I have implemented scalar matrix addition kernel.
#include <stdio.h>
#include <time.h>
//#include <x86intrin.h>
//loops and iterations:
#define N 128
#define M N
#define NUM_LOOP 1000000
float __attribute__(( aligned(32))) A[N][M],
__attribute__(( aligned(32))) B[N][M],
__attribute__(( aligned(32))) C[N][M];
int main()
{
int w=0, i, j;
struct timespec tStart, tEnd;//used to record the processiing time
double tTotal , tBest=10000;//minimum of toltal time will asign to the best time
do{
clock_gettime(CLOCK_MONOTONIC,&tStart);
for( i=0;i<N;i++){
for(j=0;j<M;j++){
C[i][j]= A[i][j] + B[i][j];
}
}
clock_gettime(CLOCK_MONOTONIC,&tEnd);
tTotal = (tEnd.tv_sec - tStart.tv_sec);
tTotal += (tEnd.tv_nsec - tStart.tv_nsec) / 1000000000.0;
if(tTotal<tBest)
tBest=tTotal;
} while(w++ < NUM_LOOP);
printf(" The best time: %lf sec in %d repetition for %dX%d matrix\n",tBest,w, N, M);
return 0;
}
In this case, I've compiled the program with different compiler flag and the assembly output of the inner loop is as follows:
gcc -O2 msse4.2
: The best time: 0.000024 sec in 406490 repetition for 128X128 matrix
movss xmm1, DWORD PTR A[rcx+rax]
addss xmm1, DWORD PTR B[rcx+rax]
movss DWORD PTR C[rcx+rax], xmm1
gcc -O2 -mavx
: The best time: 0.000009 sec in 1000001 repetition for 128X128 matrix
vmovss xmm1, DWORD PTR A[rcx+rax]
vaddss xmm1, xmm1, DWORD PTR B[rcx+rax]
vmovss DWORD PTR C[rcx+rax], xmm1
AVX version gcc -O2 -mavx
:
__m256 vec256;
for(i=0;i<N;i++){
for(j=0;j<M;j+=8){
vec256 = _mm256_add_ps( _mm256_load_ps(&A[i+1][j]) , _mm256_load_ps(&B[i+1][j]));
_mm256_store_ps(&C[i+1][j], vec256);
}
}
SSE version gcc -O2 -sse4.2
::
__m128 vec128;
for(i=0;i<N;i++){
for(j=0;j<M;j+=4){
vec128= _mm_add_ps( _mm_load_ps(&A[i][j]) , _mm_load_ps(&B[i][j]));
_mm_store_ps(&C[i][j], vec128);
}
}
In scalar program the speedup of -mavx
over msse4.2
is 2.7x.

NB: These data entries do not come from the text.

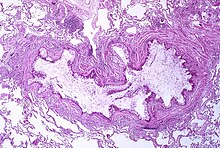 A tissue cross section of the airway showing a stained pink wall and an inside full of white mucous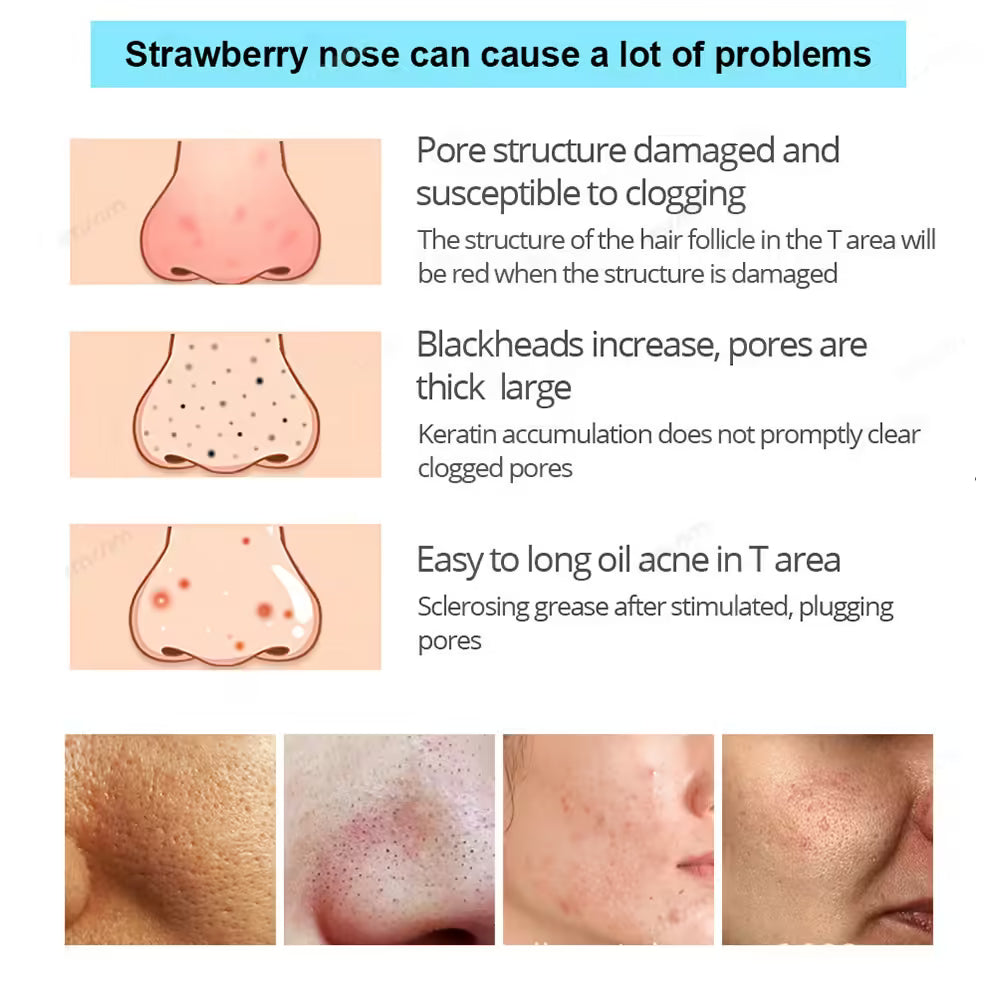 Unisex Blackhead Removal Mask Peel - Deep Cleansing Pore Nose Strips for Clear Skin - Skin Care Mask Patch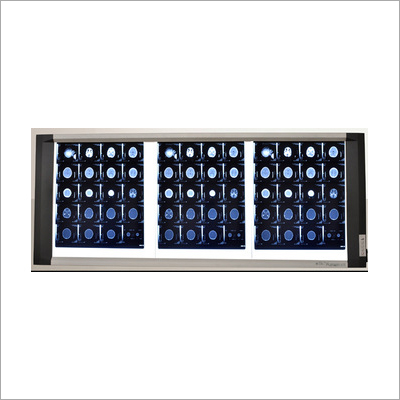 X Ray Film Viewer with Unparalleled Latest LED Technology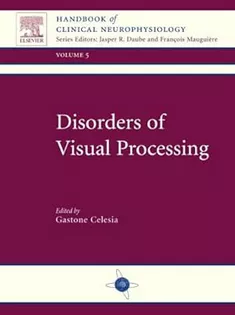 Disorders of Visual Processing: Handbook of Clinical Neurophysiology Series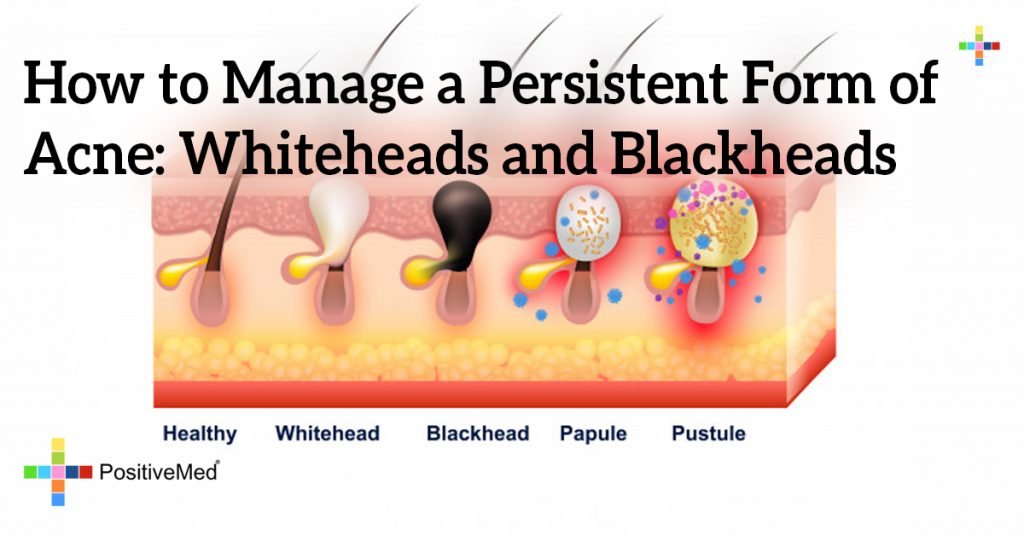 How to Manage a Persistent Form of Acne: Whiteheads and Blackheads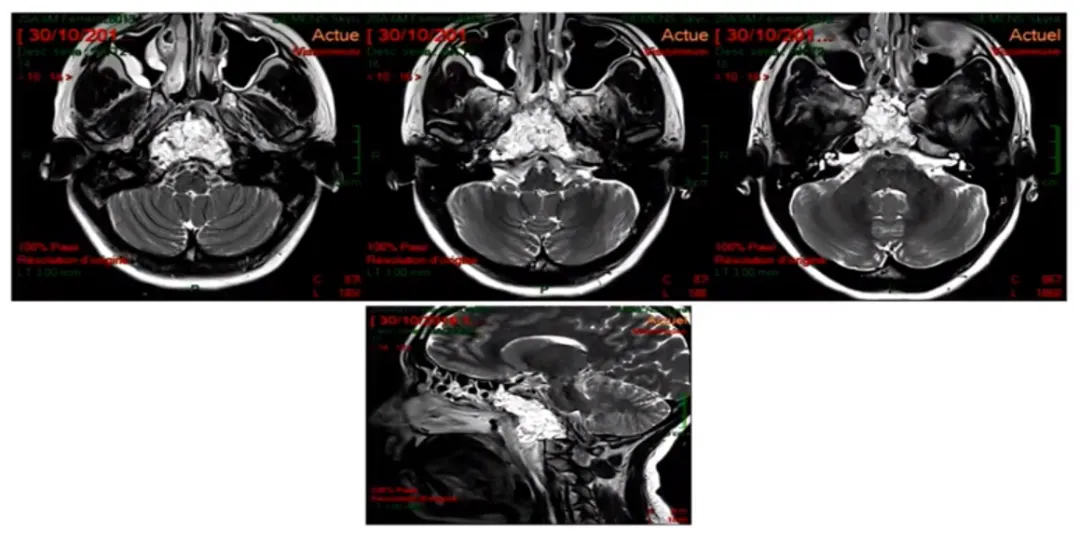 這是術(shù)后的MRI，高信號(hào)的是脂肪組織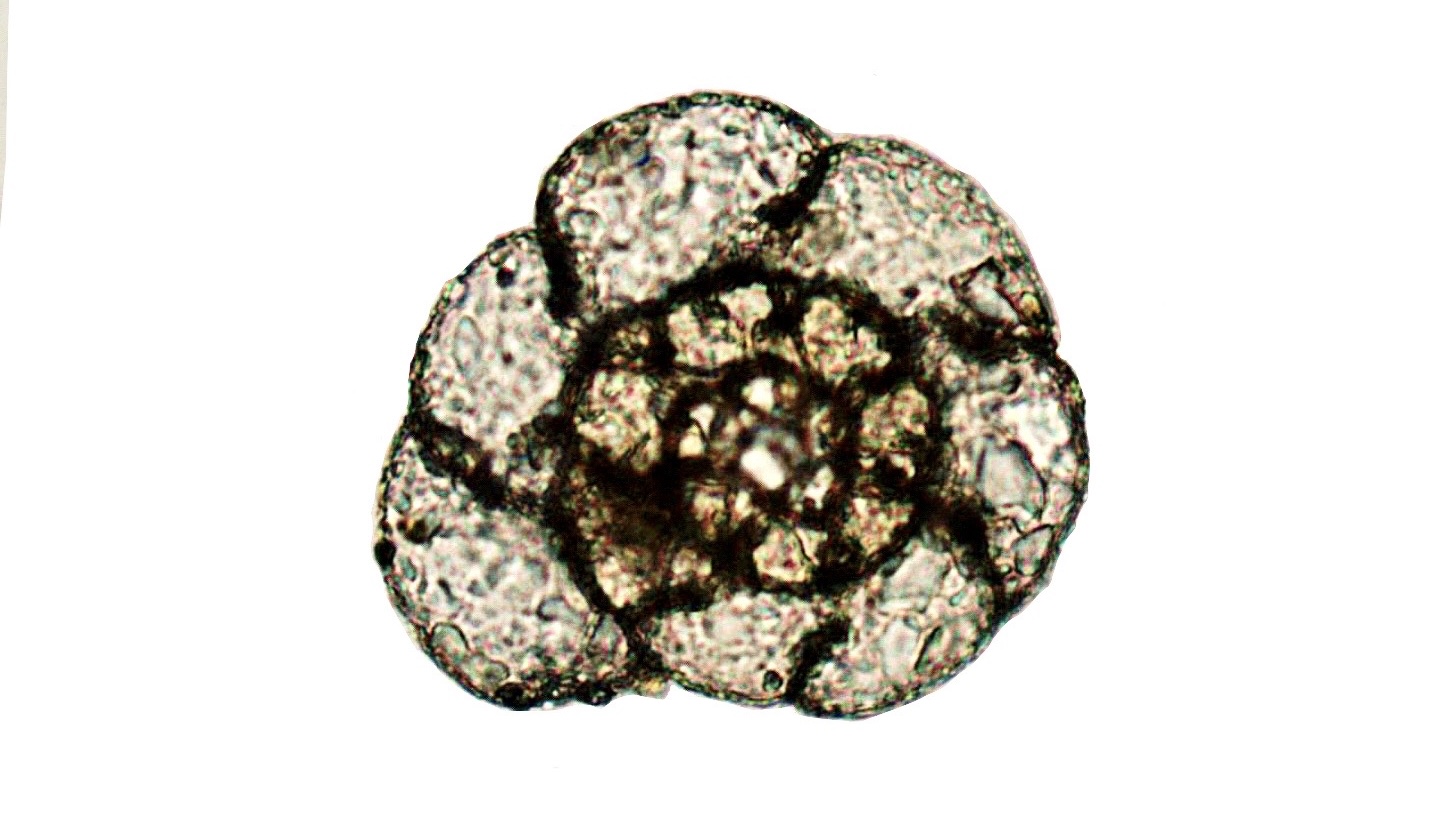 Micrograph of a spiral, coiled foraminiferan shell on a white background, composed of distinct, granular chambers divided by dark, defined suture lines.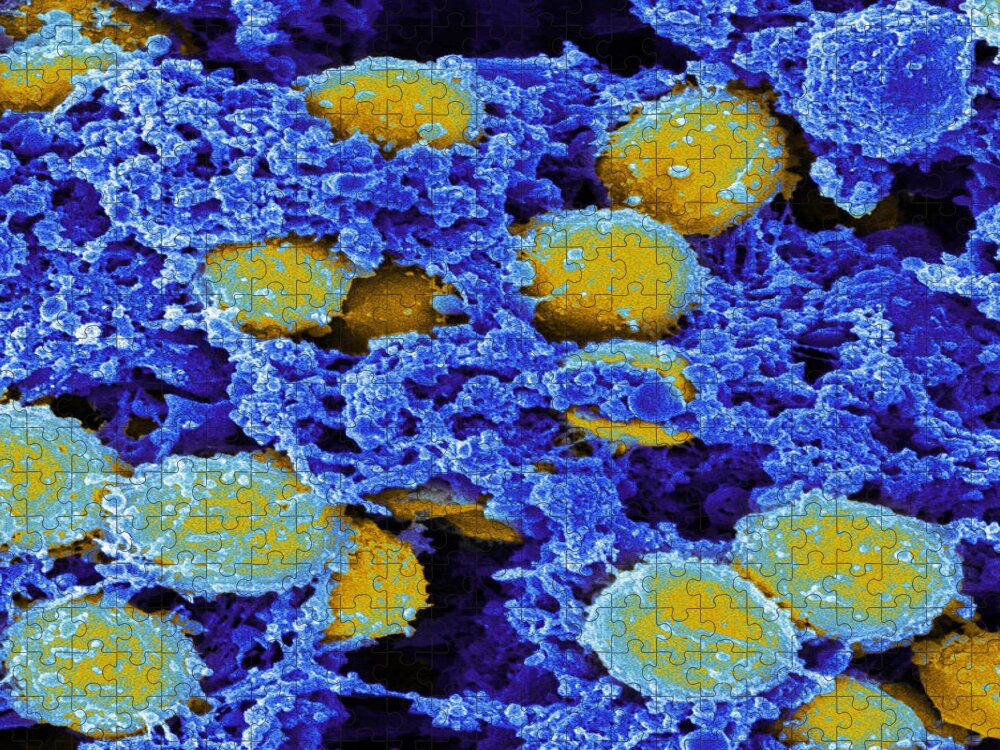 Staphylococcus Aureus Jigsaw Puzzle featuring the photograph Staphylococcus Aureus Bacteria Sem #5 by Science Source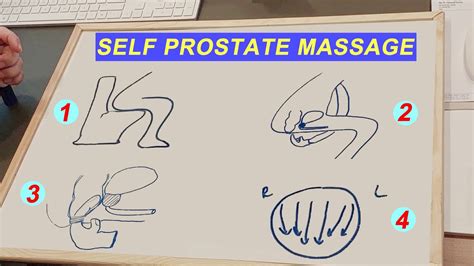 massage your own prostate|Prostate milking (massage): Definition and how to do it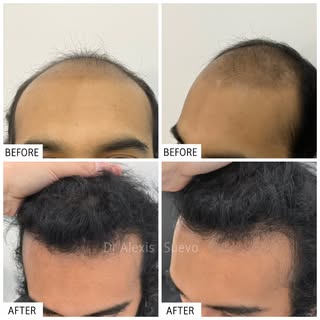 Entire procedure performed by Dr. Alexis.
Micro FUE Hair Transplant. No cuts or noticeable scars.

#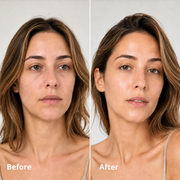 Silk Peptide EGF serum before and after comparison, first example
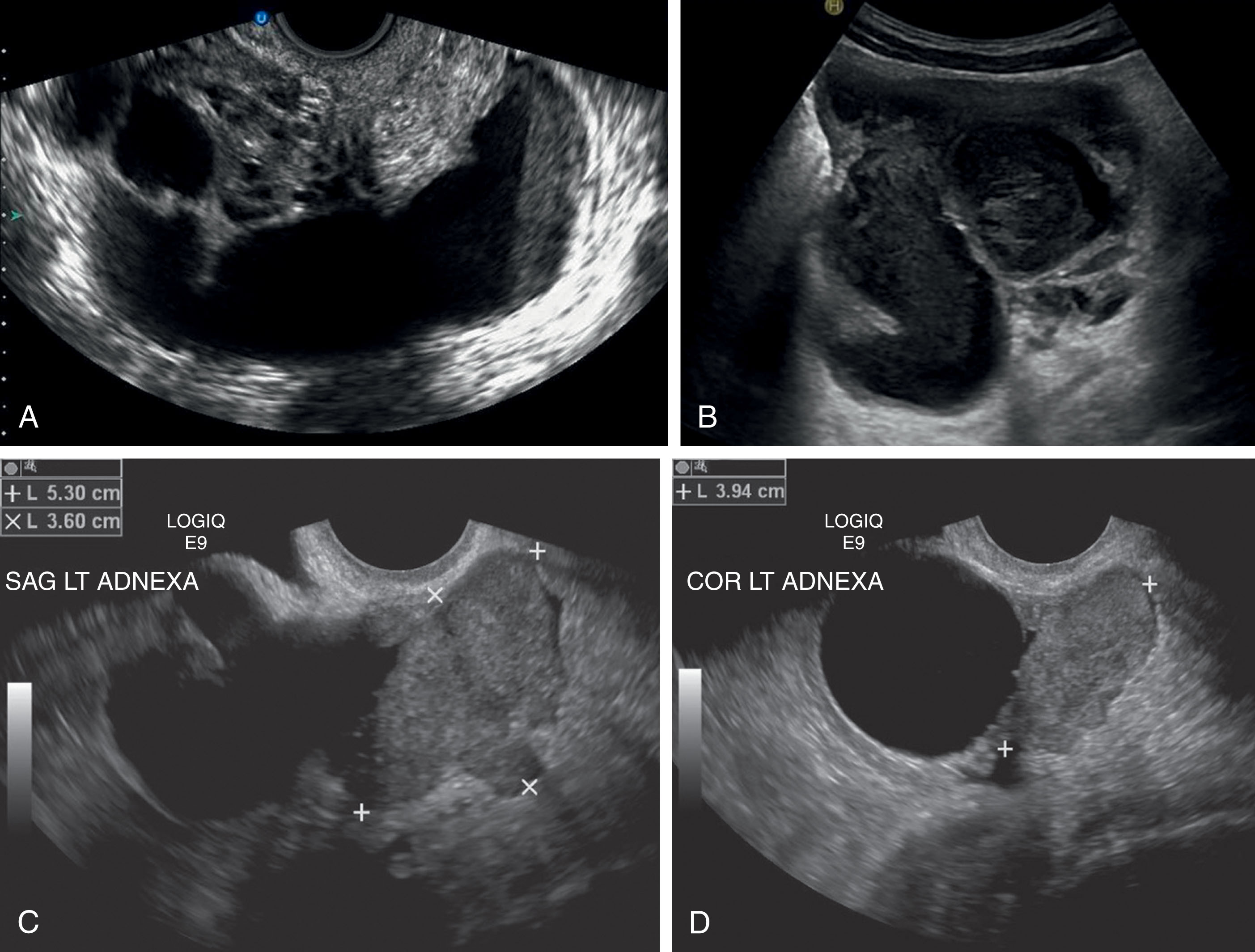 Fig. 45.4, (A) Pyosalpinx. In the presence of infection, the fallopian tube fills with pus, which is seen as low-level echoes and thick walls. (B) Acute salpingitis. The tube is enlarged and distended with pus appearing as complex echoes within. Note the thick walls. (C–D) Hydrosalpinx. This 81-year-old patient presented with left lower leg swelling. Computed tomography confirmed left common iliac vein thrombosis. Ultrasound demonstrated a left hydrosalpinx with adjacent mass, possibly within the fallopian tube. Surgical pathology confirmed a left hydrosalpinx with adjacent ovarian serous adenocarcinoma.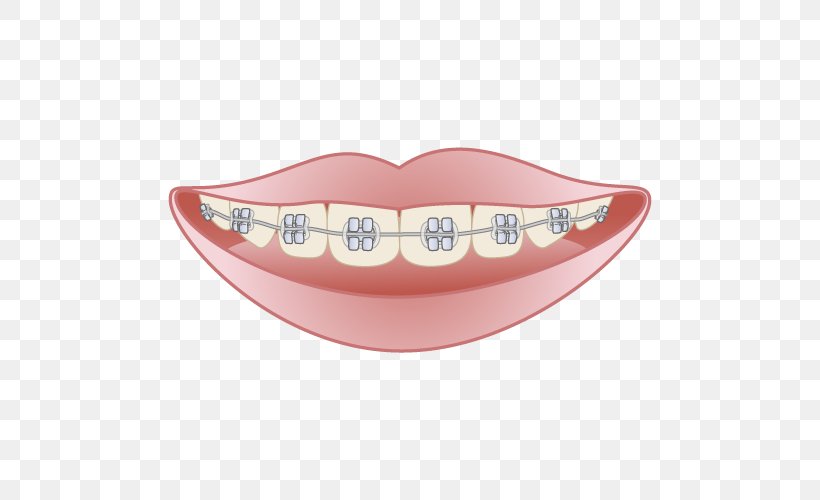 矯正歯科 Dentist Dental Braces Mouthguard Damon System, PNG, 500x500px, Dentist, Clinic, Damon System, Dental Braces, Dentistry Download Free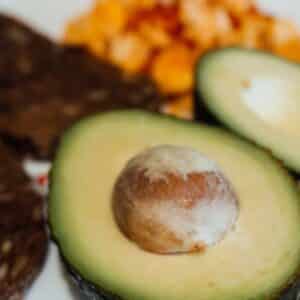 Photo What is a Ketogenic Lifestyle?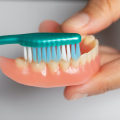 How to Whiten Denture Implants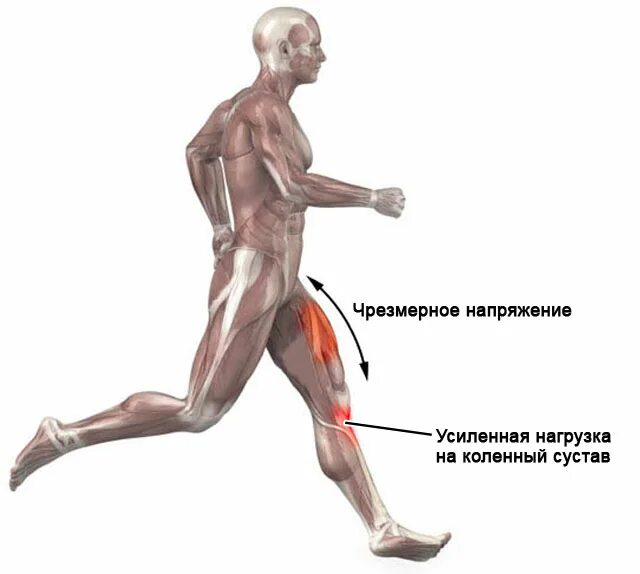 После бега болят колени что делать. Тендинит сухожилия четырехглавой мышцы коленного сустава. Нагрузка на мышцы при беге. Мышцы которые задействуются при беге. Нагрузка на суставы при беге.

I know the avx
improved the ISA efficiently and it might be because of these improvements. But when I implemented the program in intrinsics for both AVX
and SSE
the speedup is a factor of 3x. The question is: AVX scalar is 2.7x faster than SSE when I vectorized it the speed up is 3x (matrix size is 128x128 for this question). Does it make any sense While using AVX and SSE in scalar mode yield, a 2.7x speedup. but vectorized method must be better because I process eight elements in AVX compared to four elements in SSE. All programs have less than 4.5% of cache misses as perf stat
reported.
using gcc -O2
, linux mint
, skylake
UPDATE: Briefly, Scalar-AVX is 2.7x faster than Scalar-SSE but AVX-256 is only 3x faster than SSE-128 while it's vectorized. I think it might be because of pipelining. in scalar I have 3 vec-ALU
that might not be useable in vectorized mode. I might compare apples to oranges instead of apples to apples and this might be the point that I can not understand the reason.